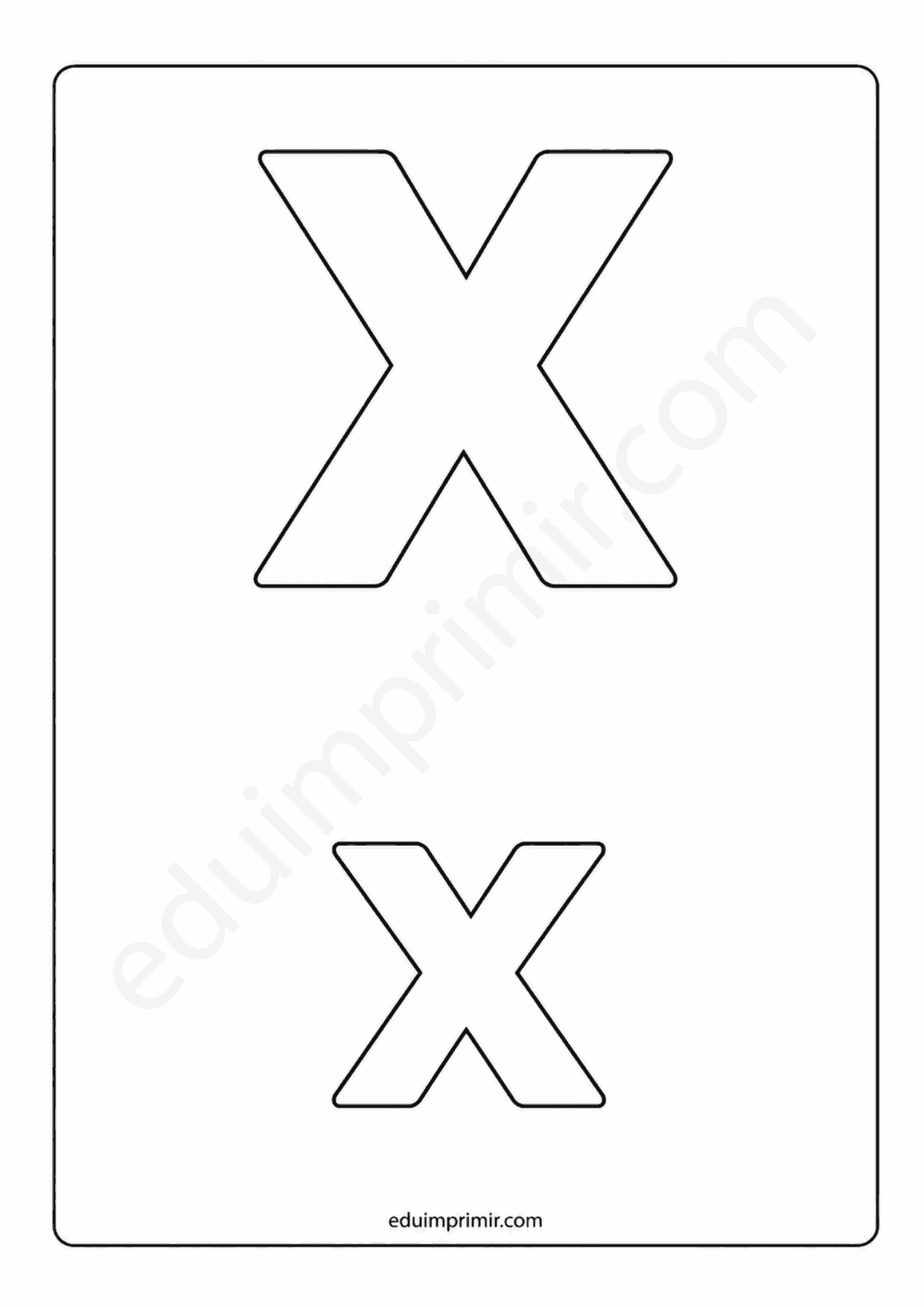 Letra X mayúscula y x minúscula para imprimir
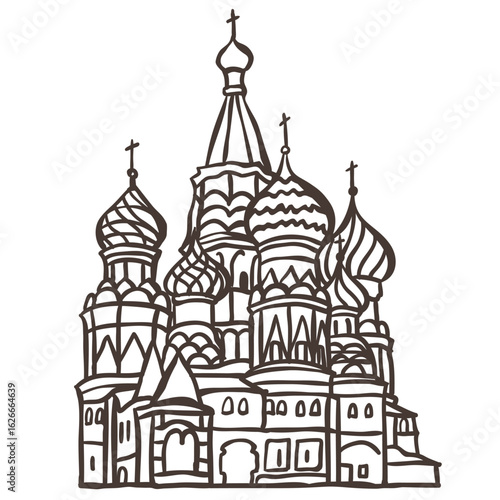 Illustration of Saint Basil's Cathedral. Vector Graphic on the white Background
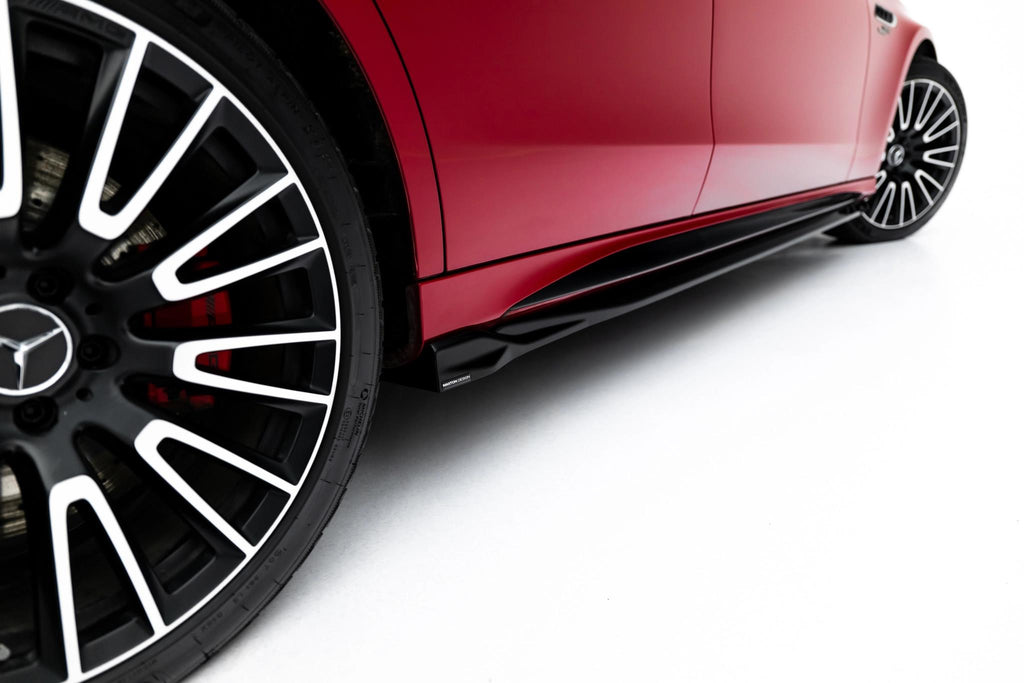 Maxton Design Street+ Seitenschweller Leisten passend für Mercedes-AMG E53 Limousine / Kombi W214 schwarz Hochglanz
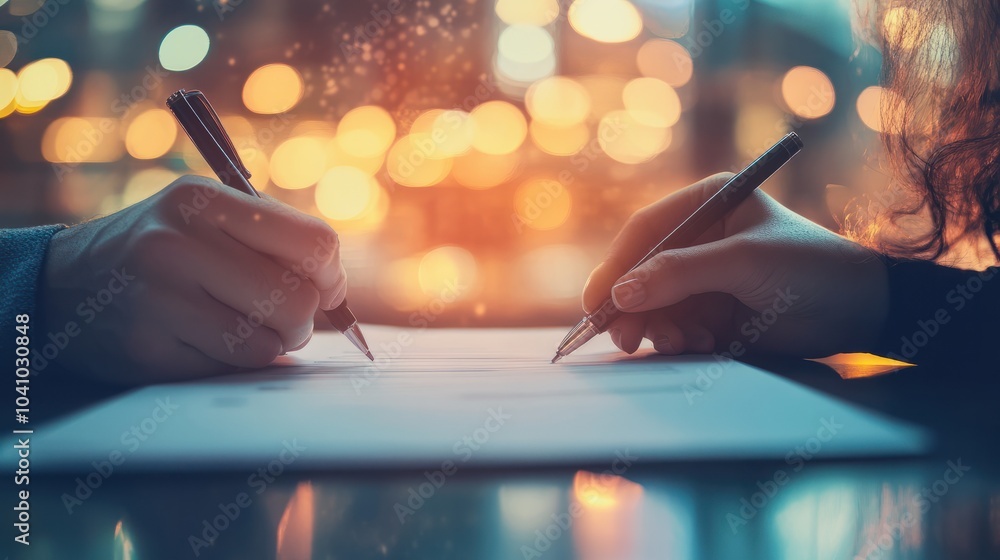 Poster close-up view of two hands signing a contract in an ambient light setting, symbolizing agreement and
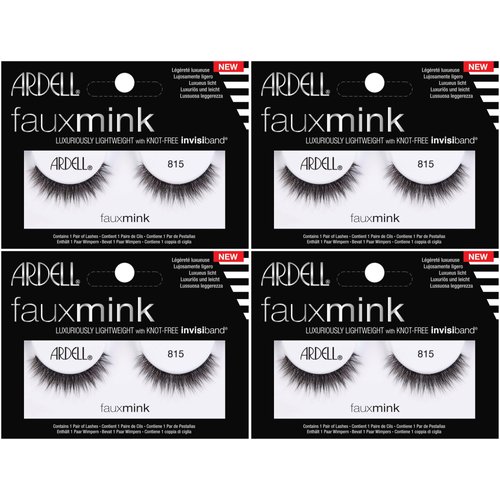 Ardell Lash Faux Mink Lashes 815, Natural Wispy False Eyelashes, 4-Pack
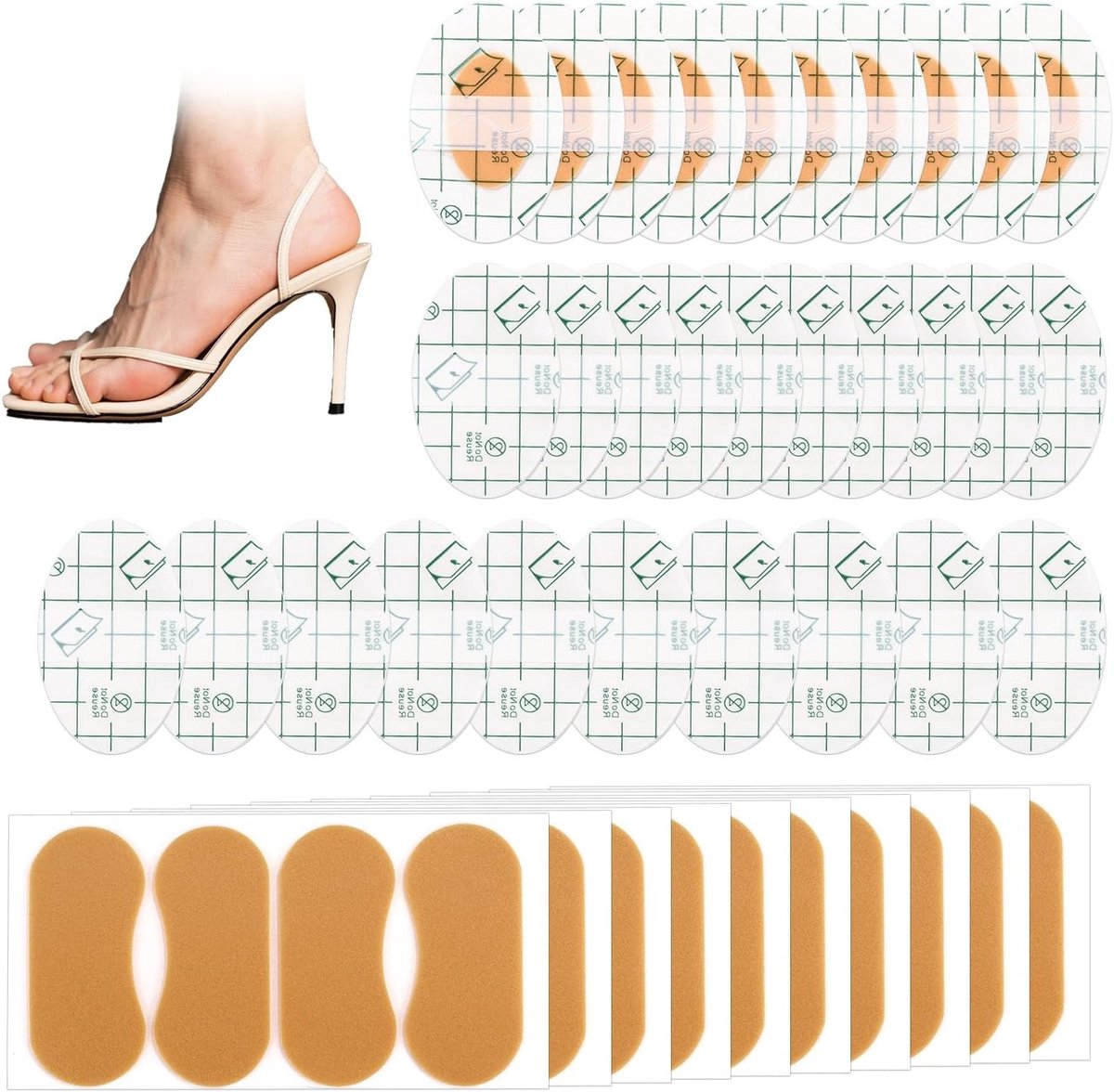 40 Stuks Anti-slijtage Stickers voor Hakken, Zelfklevende Voetbeschermers en Pads voor Dames Schoenen en Sandalen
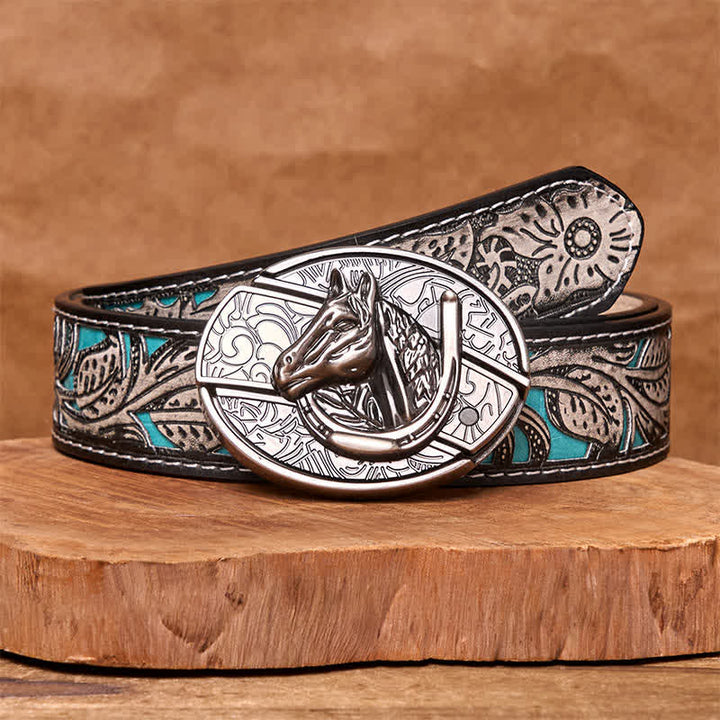 Cintura in pelle con coltello pieghevole nascosto a forma di testa di cavallo fai da te da uomo - Testa di cavallo - Cintura floreale grigia - 42 - image 12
++++++++++++++++++++
> [What needs to be done]:
Please retype the material above exactly, and omit its images.

> [Answer section]:
 Letra X mayúscula y x minúscula para imprimir
 Illustration of Saint Basil's Cathedral. Vector Graphic on the white Background
 Maxton Design Street+ Seitenschweller Leisten passend für Mercedes-AMG E53 Limousine / Kombi W214 schwarz Hochglanz
 Poster close-up view of two hands signing a contract in an ambient light setting, symbolizing agreement and
 Ardell Lash Faux Mink Lashes 815, Natural Wispy False Eyelashes, 4-Pack
 40 Stuks Anti-slijtage Stickers voor Hakken, Zelfklevende Voetbeschermers en Pads voor Dames Schoenen en Sandalen
 Cintura in pelle con coltello pieghevole nascosto a forma di testa di cavallo fai da te da uomo - Testa di cavallo - Cintura floreale grigia - 42 - image 12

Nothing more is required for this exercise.